Tomato blossom end rot is a common issue that can affect the quality and yield of your tomato harvest. It occurs when developing tomato fruits exhibit a black/brown sunken area at the blossom end, which can ultimately lead to the fruit becoming inedible. Inconsistent watering practices often cause this condition but it is actually a calcium deficiency.
By managing watering practices, using suitable soil amendments, and monitoring plant health, you can achieve a healthy and abundant tomato harvest. In this article, we’ll discuss some strategies to help you stop tomato blossom end rot and enjoy your homegrown tomatoes to their fullest potential.
I can’t stress this enough – the leading cause of blossom end rot is inconsistent watering.
While the issue is a calcium deficiency, it is usually that the plant cannot access the calcium in the soil rather than there not being enough. If your soil becomes too dry then the roots of your tomato plant cannot access the calcium, even if it is there in the soil.
Maintaining steady levels of moisture is crucial in preventing blossom end rot. Tomato plants require consistent and deep watering to establish strong root systems. Follow these watering techniques:
- Water your plants in the early morning to reduce water loss through evaporation.
- Water deeply and heavily rather than a sprinkle on the top
- Apply a layer of mulch to retain moisture and regulate soil temperature.
- If using grow bags, use a collar to add a reservoir – if you are not sure what I mean, look at the product below.
- Specially designed pot for growing in growbags
- Set of 6, measuring 26 centimetres across, so three fit neatly on a growbag
- The inner and outer watering troughs make feeding and watering easy
You need to be cautious and not overdo this, however.

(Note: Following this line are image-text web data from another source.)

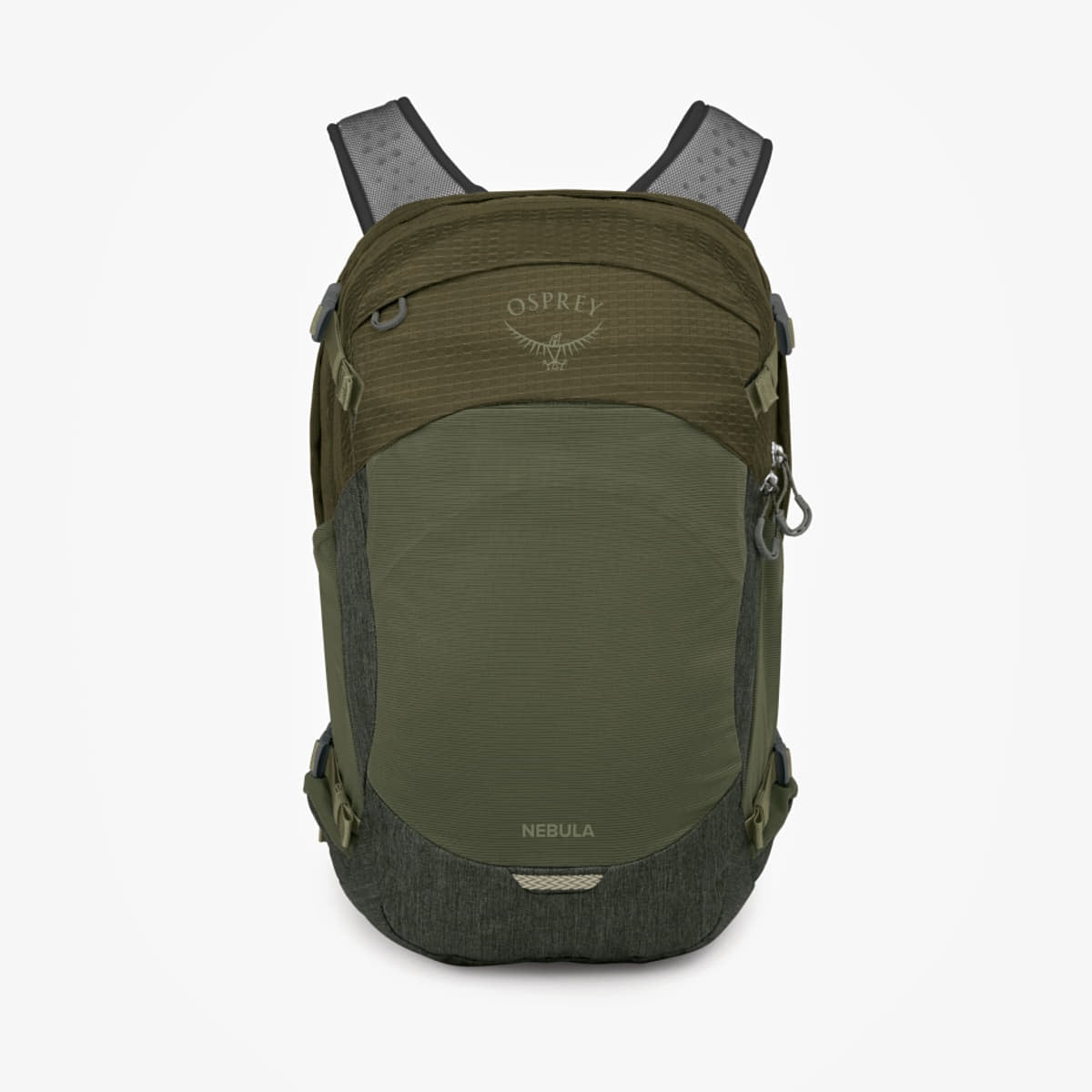 Rygsække til mænd Osprey Nebul Moss Green/ Earl Grey Heather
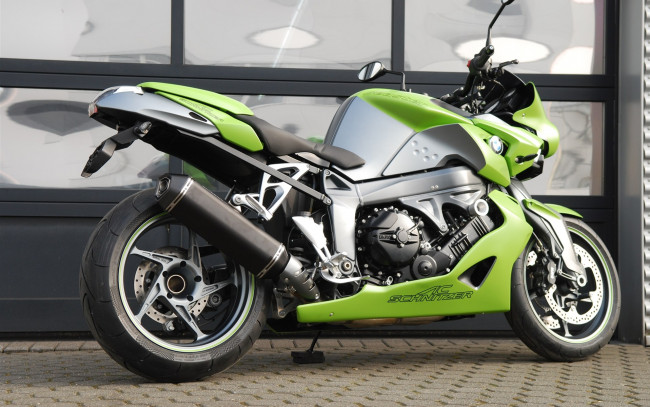 Обои картинки фото мотоциклы, bmw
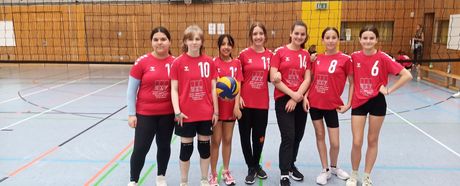 4. Spieltag U15 weiblich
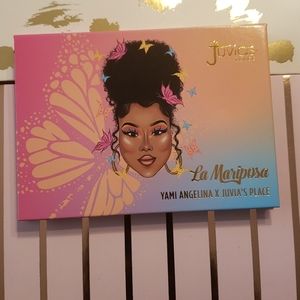 Juvias Place La Mariposa Palette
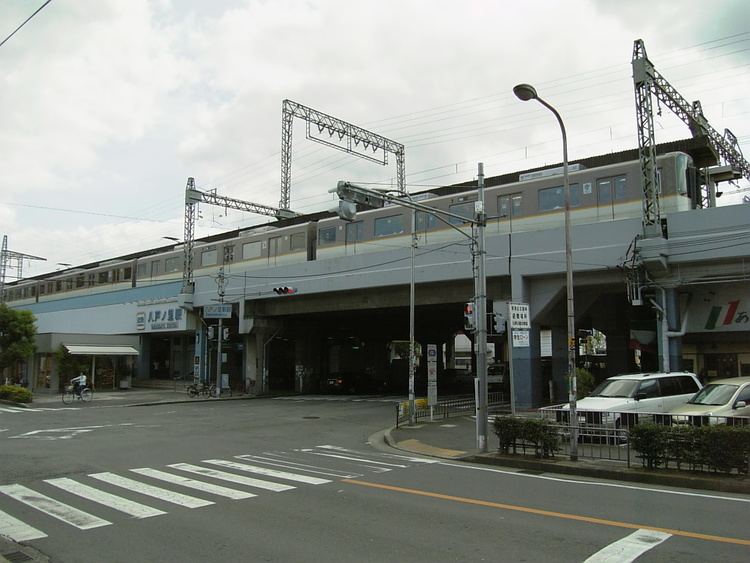 Yaenosato Station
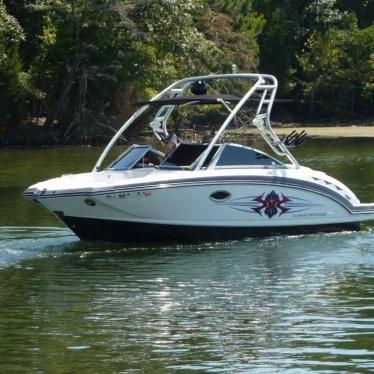 2011 Chaparral sunesta 224 xtreme wide tech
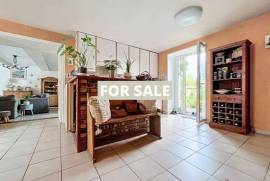 Town House with Neat Garden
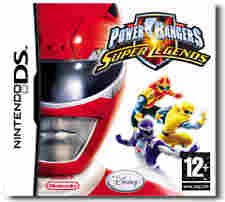 Power Rangers: Super Legends per Nintendo DS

This is because too much water also causes a lot of issues with tomato plants, that is why I said they need consistent watering rather than lots of water.

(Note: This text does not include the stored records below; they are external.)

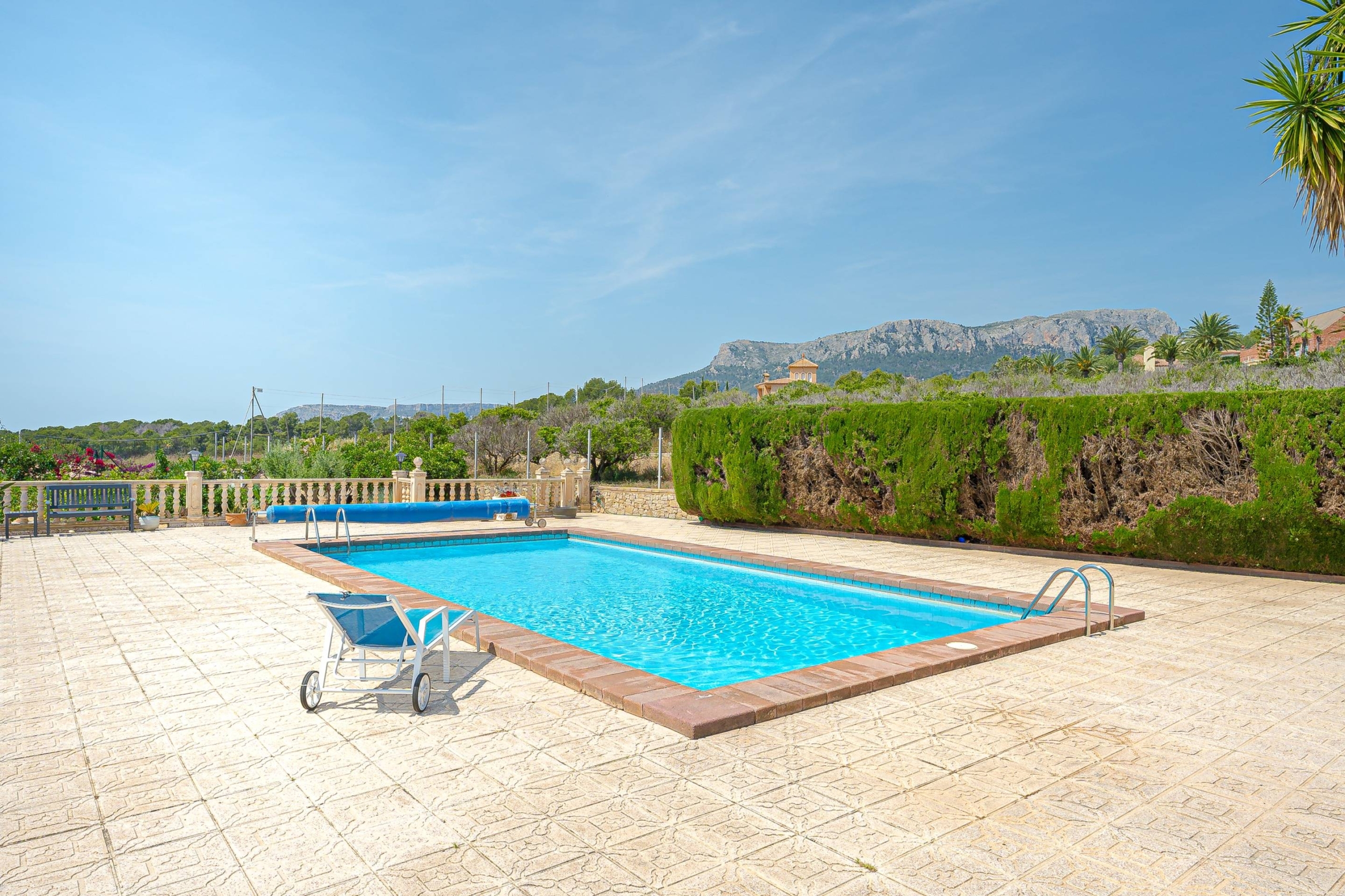 Villa for sale in Calpe
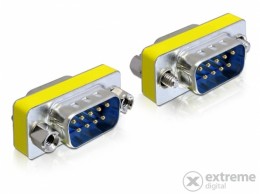 Delock 65009 adapter Gender Changer Sub-D9 apa-apa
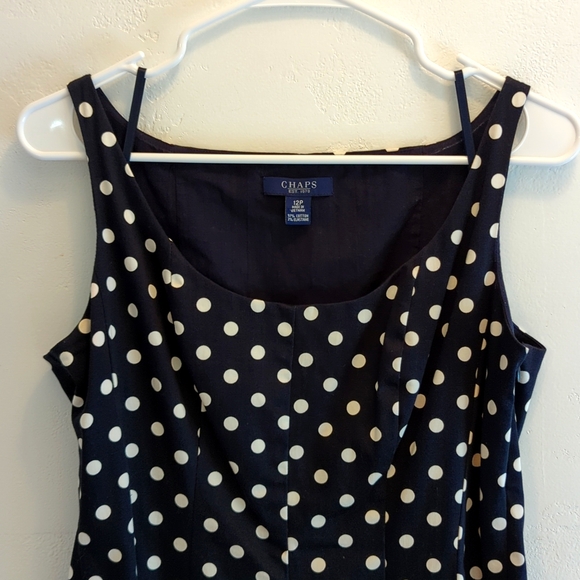 Like New Chaps by Ralph Lauren Dress - Picture 3 of 6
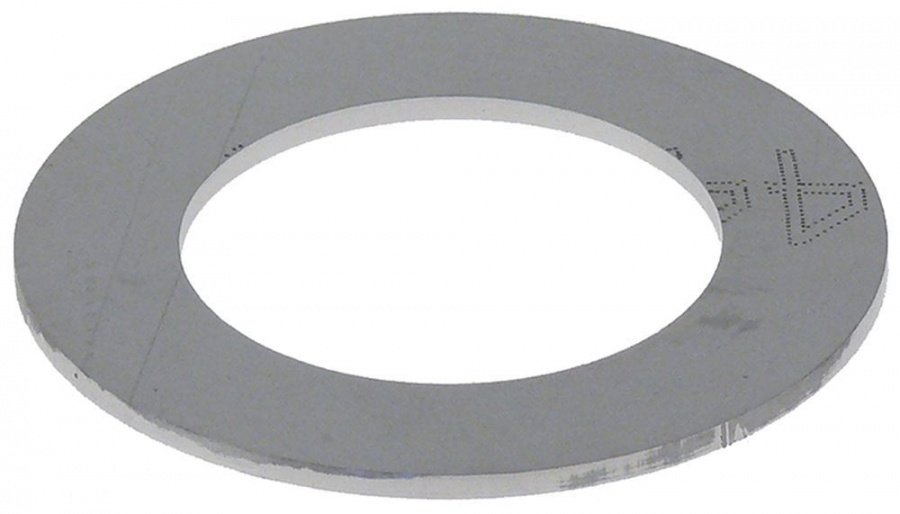saiba distantier Î 2mm DI ø 38mm DE ø 61.5mm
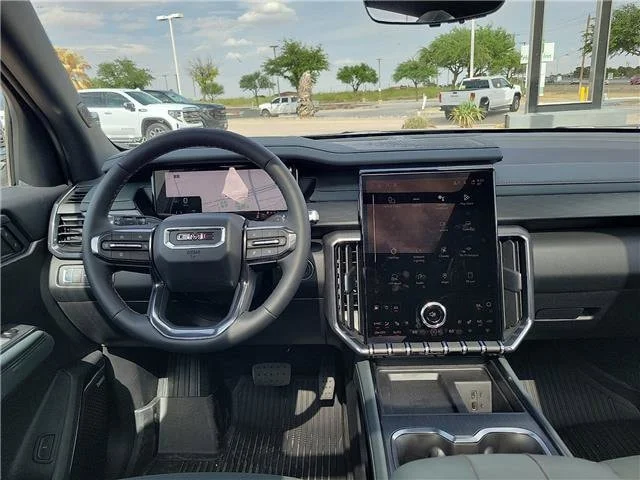 New 2026 Sterling Metallic GMC AT4 image 13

If tomato roots sit in standing water, then they can suffer from root rot, and if your plant has a poor root structure then this can lead too… you guessed it – blossom end rot.

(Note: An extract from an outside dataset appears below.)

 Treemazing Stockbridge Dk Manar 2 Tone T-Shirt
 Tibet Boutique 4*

You can also add calcium to your soil if you think this is the root cause of the issue.
Crushed eggshells are a common homemade remedy as they are high in calcium. Calcium nitrate fertiliser can be bought and sea shells, crushed and added to the soil can also work. Fish blood and bone is an organic fertiliser that again has high calcium levels.
Providing the right balance of nutrients is vital for tomato plant health and resilience against blossom end rot.
Over Feeding With Tomato Food
This one doesn’t get picked up on but can actually cause blossom end rot. Tomato feeds are very high in potassium to promote strong fruit growth, but too much potassium can actually cause blossom end rot.
High potassium levels can block calcium and prevent it from being taken up by your plant’s roots. This problem is further exacerbated by unknowing gardens that see the first signs of blossom end rot and think their plant is getting the nutrients it needs – so give it another feed of tomato food.
You can see how this is a vicious circle that can quickly spiral.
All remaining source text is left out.